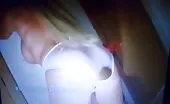 Huge turd in white lace panties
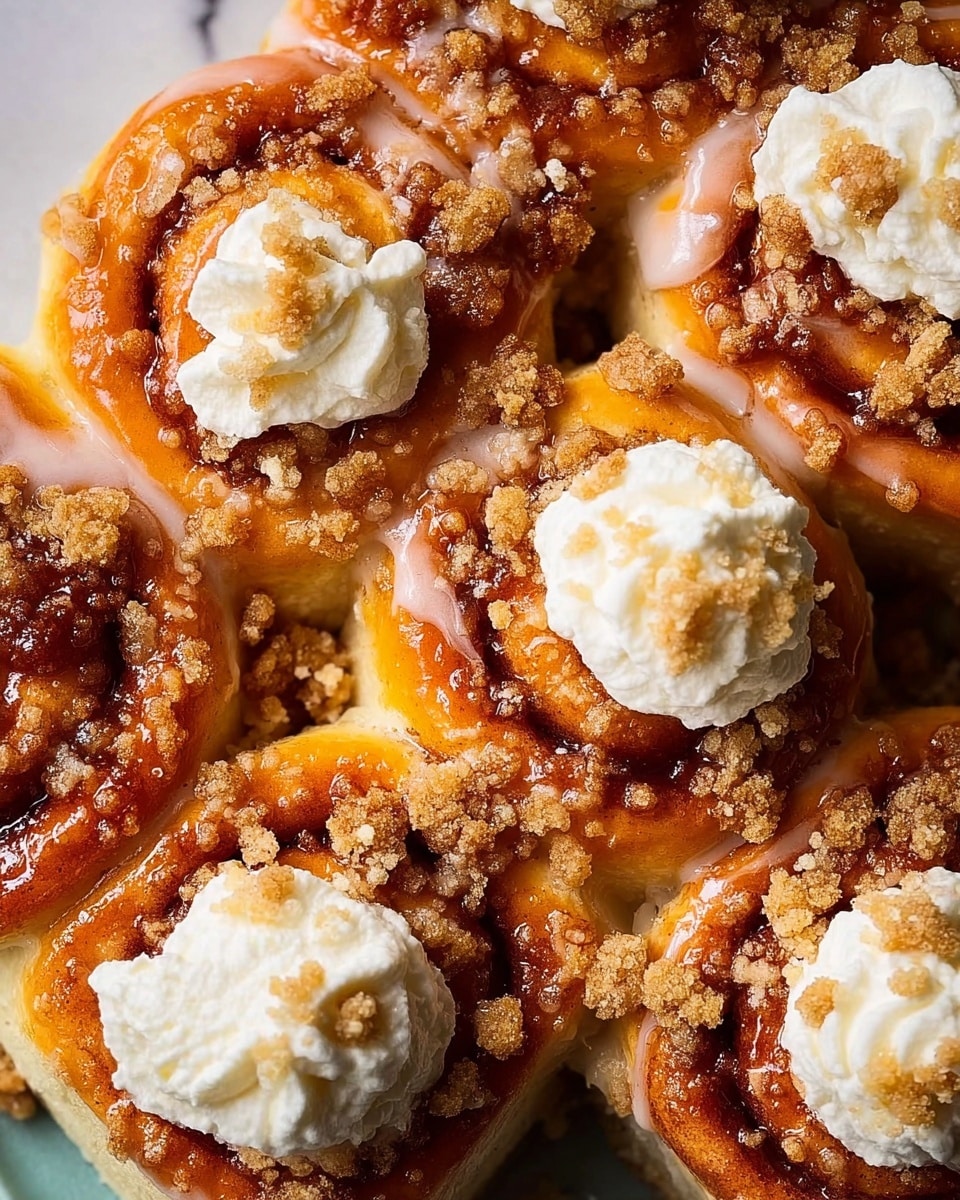Peach Cobbler Cinnamon Rolls Recipe - Recipe Image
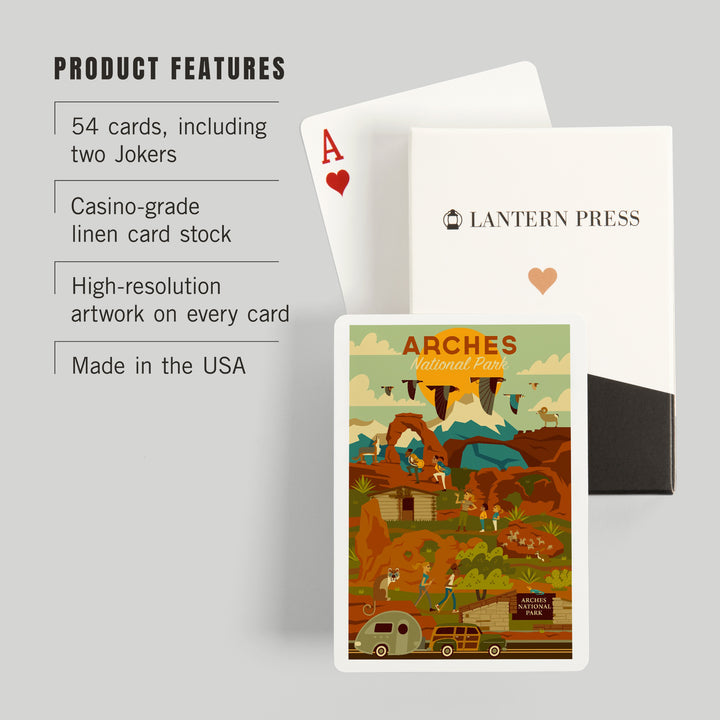Playing Cards, Arches National Park, Utah, Geometric National Park Series, 52 Card Deck with Jokers in Box, Unique Art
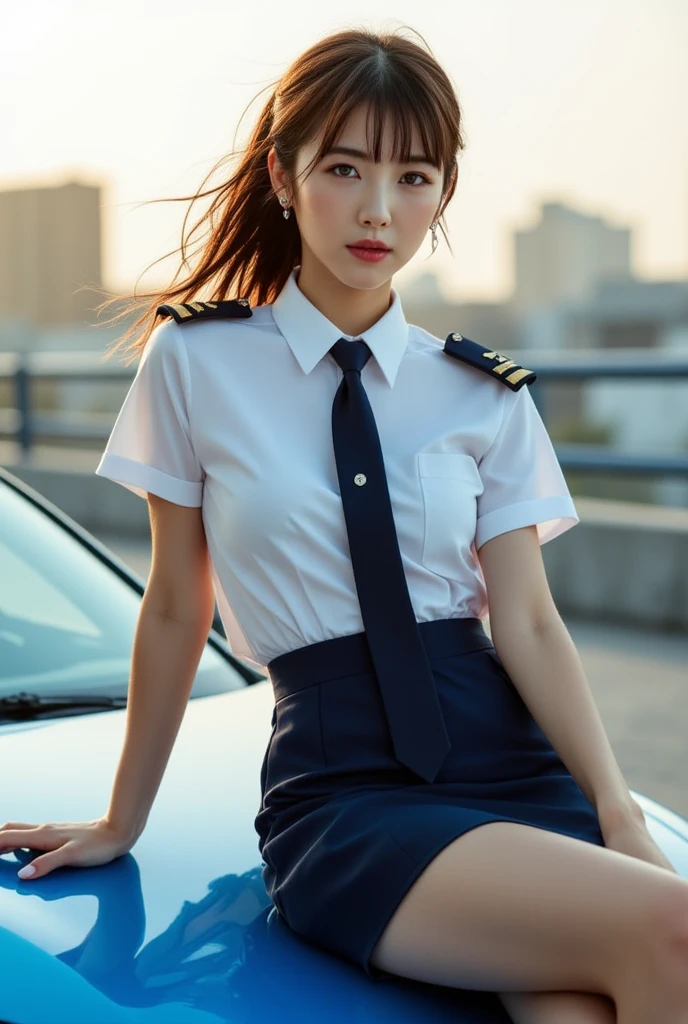 (masterpiece:1.2),(8K high resolution), (highest quality), (RAW image quality), (realistic), (realistic:1.37),long eyelashes,(Live-action realistic style),realistic light and shadow,clear facial features,,Fair skin,best portrait, 1-Girl,highly detailed skin,(Beautiful face with double eyelids), (realism: 1.4),((full body image)) ,delicate and beautiful face,,woman around 25 years old,(beautiful face 1.4),straight hair length,,(lipstick,beautiful earrings),((Taken at the airport)),(stewardess uniform,)),(Stewardess in uniform),,(3/4 length),Shoot head-on,,Close-range shooting,((sitting inside the airport,Show your panties)),,(((Look at the audience and smile),、((Wearing a stewardess uniform)),(smile without opening your mouth),(Sit with your legs open),((Sit in front of the viewer)),sit with legs apart,Sit with your legs apart in front of the viewer,You can see the white panties,Open your legs to show your crotch,(sit with legs wide apart),Please show your crotch to the viewer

YOUR ASSIGNMENT: Repeat the exact lines from the first line of the data through the line containing "Playing Cards, Arches". Nothing else, no pictures.

WRITTEN SOLUTION:
 Huge turd in white lace panties
Peach Cobbler Cinnamon Rolls Recipe - Recipe Image
Playing Cards, Arches National Park, Utah, Geometric National Park Series, 52 Card Deck with Jokers in Box, Unique Art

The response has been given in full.